Leave out every picture and set down, exactly, the lines below from the one holding "Świeżo palona kawa" up to and including the one holding "JTHBA1D28K5097587 2019 LEXUS IS".

* Data extract *
╔══

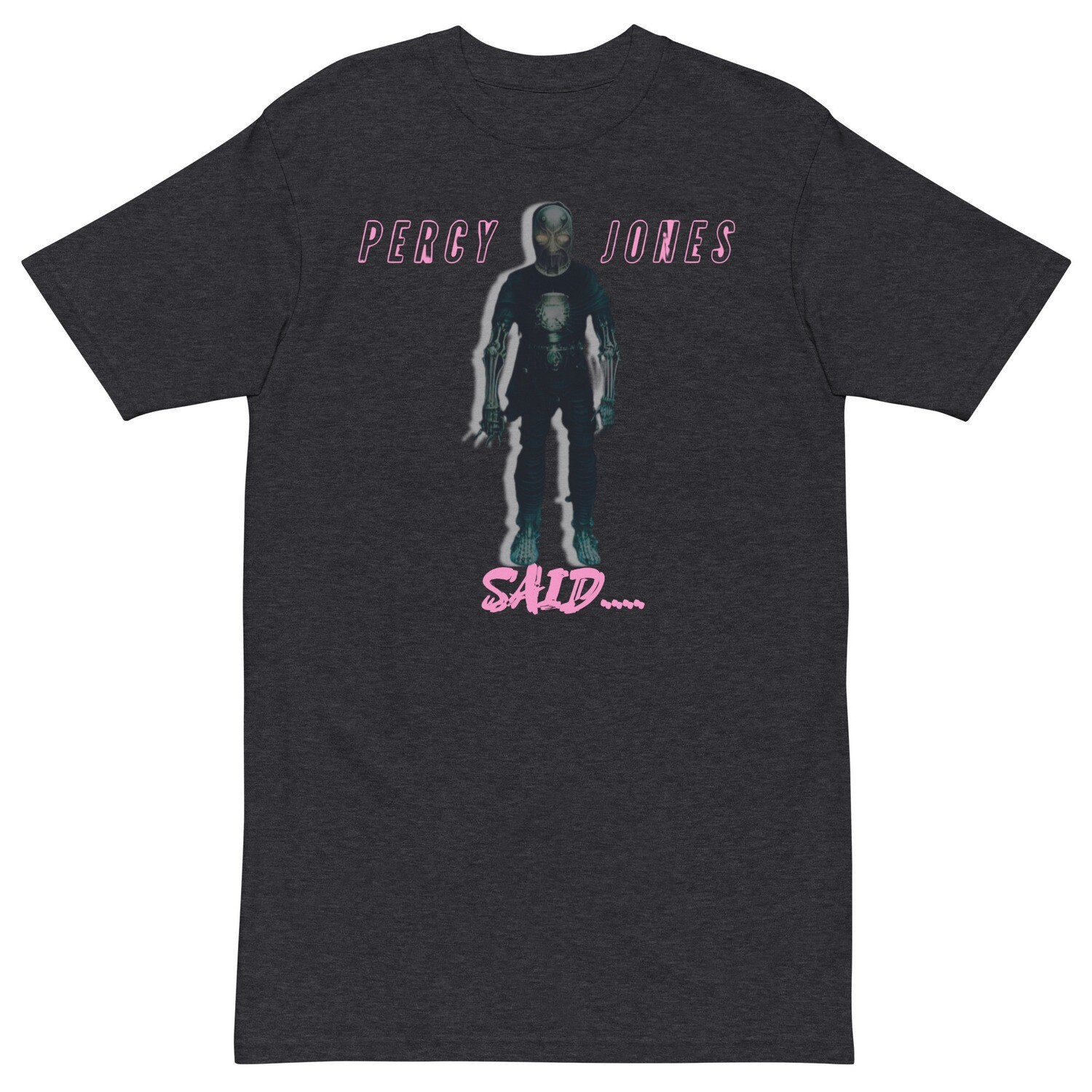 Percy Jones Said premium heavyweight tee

╚══
╔══

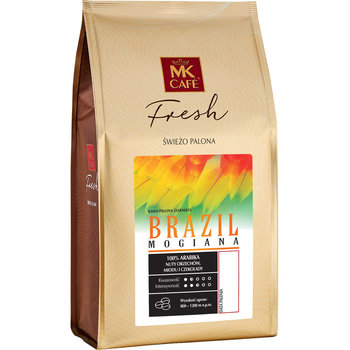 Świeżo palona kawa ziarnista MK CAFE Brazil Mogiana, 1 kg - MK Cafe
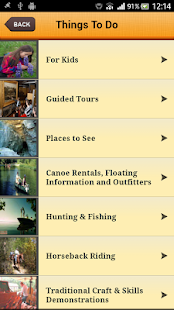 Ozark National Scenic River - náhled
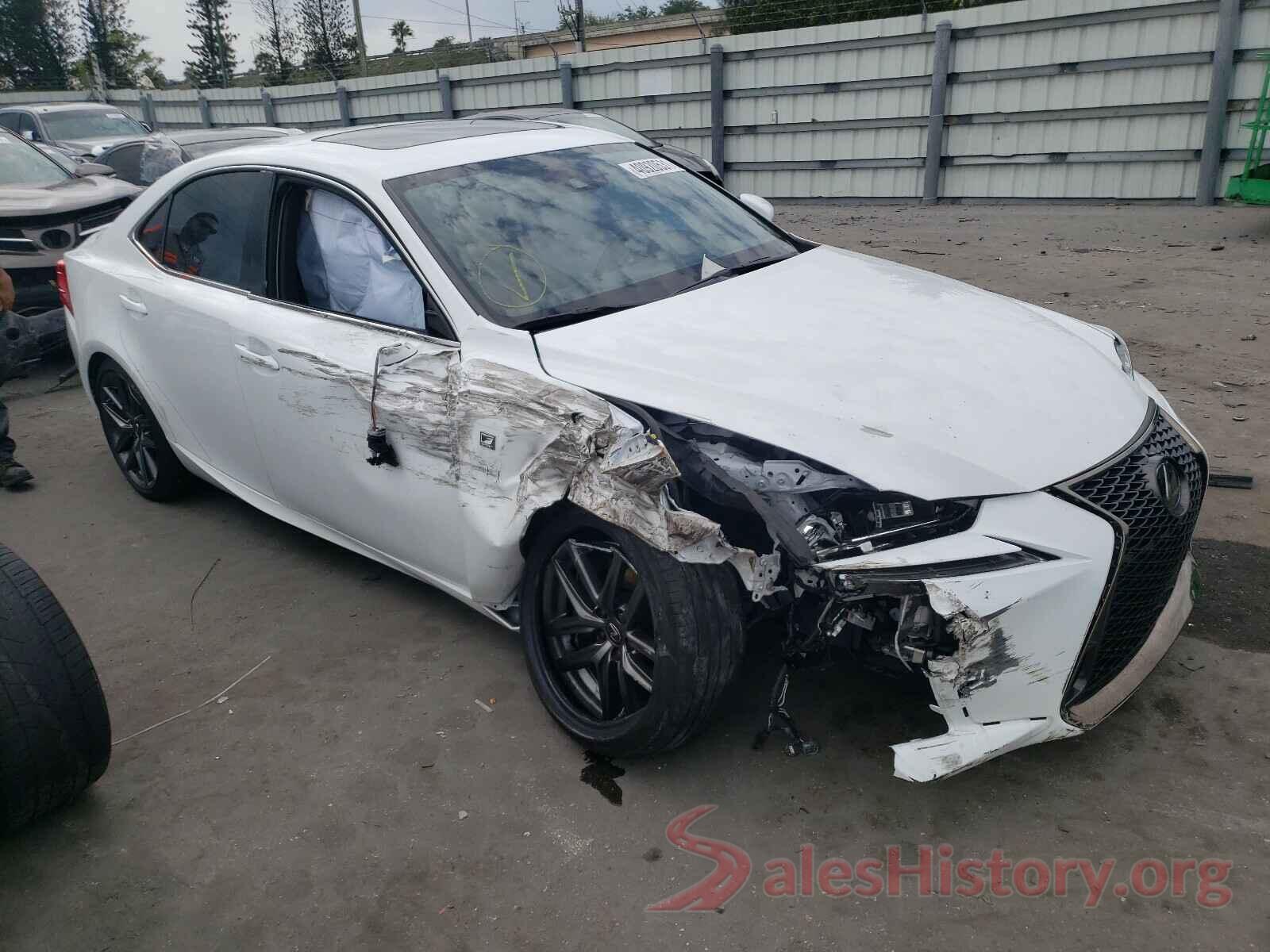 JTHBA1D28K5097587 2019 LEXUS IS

╚══

* Solution *
 Świeżo palona kawa ziarnista MK CAFE Brazil Mogiana, 1 kg - MK Cafe
 Ozark National Scenic River - náhled
 JTHBA1D28K5097587 2019 LEXUS IS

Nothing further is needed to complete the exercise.